Sunday, 24 March, 16:00 – 18:30

Room 6C

The application of optical switching in data center networks has been extensively studied. Google’s recent announcement showcasing the implementation of an optical circuit switch in a production data center has re-sparked interest in the requirements and challenges associated with optical switching. In addition, generative AI models are extensively advancing, with the number of parameters exponentially increasing. This requires GPU clusters with a very high bandwidth density and low energy consumption, which has revamped research on photonic switch fabrics co-integrated and optically interconnected with multiple GPUs/TPUs/CPUs. This workshop discusses the challenges and opportunities of optical switching for large-scale data center networks, especially for GPU clusters and HPC networks, from a system networking perspective (capacity demand, latency, fast configuration, and control scheme, flexibility and scalability, cost, power consumption), optical switch architectures (switch radix, topology, size and scale, performance), to device performance (loss, bandwidth, switching speed, crosstalk, and integration platform). We will explore innovative photonic technologies and network architectures for enabling optical switching for AI/ML applications. Some of the topics that we intend to dive into in this workshop are:

1. What are the requirements and challenges for the broad adoption of optical circuit switching?
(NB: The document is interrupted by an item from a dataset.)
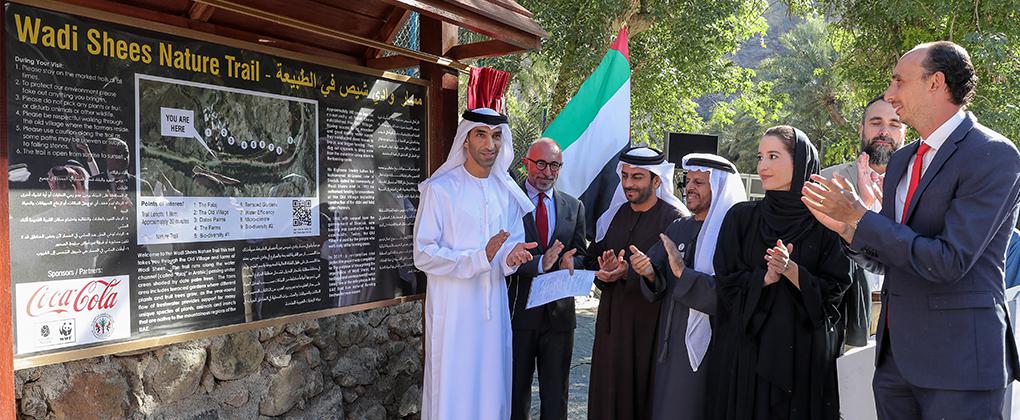 A group of people clapping hands next to a sign that shows information about the Wadi Shees Nature Trail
2. How do optical and electrical switch systems co-exist to enable scaling and optimize the cost-to-performance metric for AI/ML systems?

3. Will semiconductor-based optical switches (e.g., Silicon Photonics) play a significant role in large-scale integrated optical switches after the MEMS-based OCS systems deployment? What hurdles need to be overcome?

4. Is there a role for fast optical switching in AI/ML systems? What are the requirements for fast optical switching?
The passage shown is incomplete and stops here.